Current Limitations and Updates Coming Soon

As of this writing, RapidFire AI has the following limitations. We are actively working on resolving these and welcome feedback on their utility for your use cases to help with prioritization.

Model Size

Any given run’s model for its batch size must fit on a single worker instance’s collective GPU memory. Note that it is NOT required that a model must fit on a single GPU, i.e., RapidFire AI automatically shard it for you across the multiple GPUs of a worker.

In the future, we plan to expand support for even larger models that require sharding across workers.

Cap on Multi-Node Parallelism

When a run uses multiple worker instances, RapidFire AI uses PyTorch’s native distributed data parallelism (DDP) across workers to reduce runtimes. But on commodity networks, that can quickly lead to sub-linear speedups or even slowdowns when a run uses too many workers. So, RapidFire AI caps the maximum number of workers per run with a configurable knob max_multi_nodes.

By default max_multi_nodes is set at 2, but you can change its value under a specially recognized “dev_knobs” section in the config dictionary given to run_fit(). We recommend raising max_multi_nodes only if you have very large batch sizes for all runs, have relatively few GPUs per worker, and/or the processing is very GPU-intensive for your model. Note that the SGD batch size your give is global, i.e., it is split across all GPUs of all workers. For example, suppose you have 4 GPUs per worker:

  • For a small CNN, it might be better to set max_multi_nodes to 3 with a batch size of 600.

  • For a larger Transformer, it might better to set max_multi_nodes to 4 even with a batch size of 64.

In the near future, we plan to automate the selection of max_multi_nodes in a run-specific manner. That will free you to focus even more on accuracy-oriented knobs, while being confident that RapidFire AI rightsizes all parallelism for you to both minimize runtime and maximize GPU utilization.

Script-based Jobs Without Jupyter

Jupyter is popular for exploration and first development of the training/tuning pipeline. But teams often prefer to execute such long-running jobs as a script scheduled offline, perhaps nightly.

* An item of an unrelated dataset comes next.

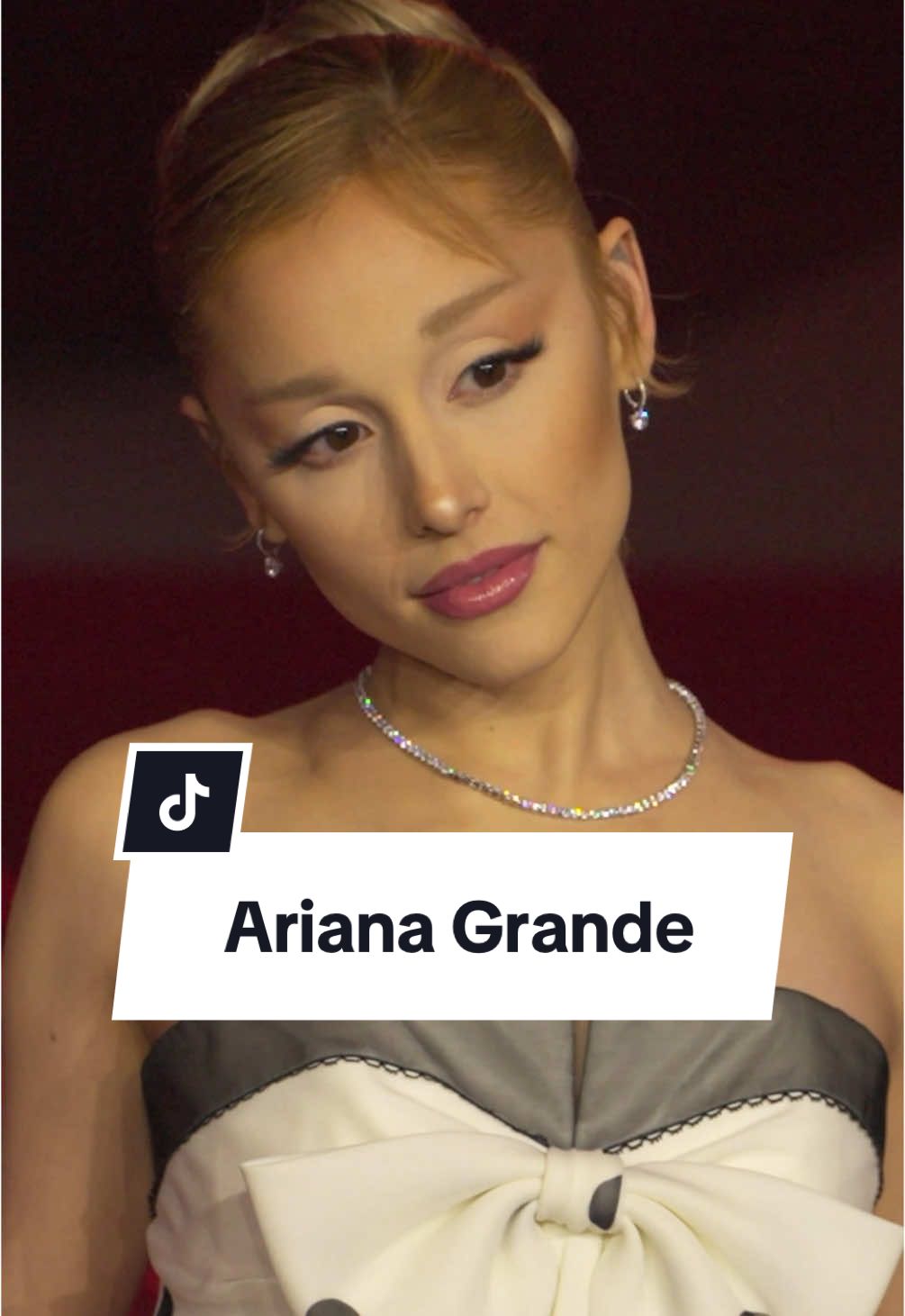 We love to see #ArianaGrande from the #AcademyMuseumGala’s POV. 😍 (🎥: Getty)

In the near future, we plan to release a fully command-line based utility to submit your RapidFire AI code to run on a RapidFire AI cluster without needing to use Jupyter.

Semi-Automated IC Ops

Triggering IC Ops manually from the dashboard is feasible only if there is a human in the loop. But IC Ops are useful even in offline scripted settings based on application logic, e.g., stop 90% of runs with poor validation metrics and clone-modify the top 10% to drill down into more fine-grained values for their knobs.

In the near future, we plan to update the MLSpec API to let you specify such custom semi-automation for IC Ops in code using the runs’ metrics and epoch counts.

Named Metrics Roster

DL is now the norm for 100s of types of prediction and generation use cases in AI. In the near future, we plan to expand the roster of named metrics supported by RapidFire AI, as well as its API in general, to cover even more of such use cases. This includes categorical metrics such as precision, recall, F1, sensitivity, specificity, and AuROC; NLP-specific metrics such as Rouge, BLEU, and perplexity; and CV-specific metrics such as the COCO metrics and CLIP score.

LLM-Specific Training, Fine-Tuning, and Inference

Finally, autoregressive promptable LLMs such as the Llama models are increasingly being customized with more specific techniques such as the following:

  • Parameter-Efficient Fine-Tuning (PEFT) methods such as Low-Rank Adaptation (LoRA) to avoid updating the original weight tensors.

  • Supervised Fine-Tuning (SFT) with labeled prompt-generation pairs.

  • Continued pre-training with self-supervision on unlabeled data.

  • Reinforcement learning-based methods such as Direct Policy Optimization (DPO) and Group-Relative Policy Optimization (GRPO) involving a frozen reference model, a trainable policy model, and a reward function.

  • Optimized batch inference such as Paged Attention with vLLM.

We are actively working on updating the MLSpec API to more easily specify such LLM-specific forms of training and inference in RapidFire AI. It will offer first-class support for Hugging Face libraries such as PEFT and TRL, as well as for vLLM.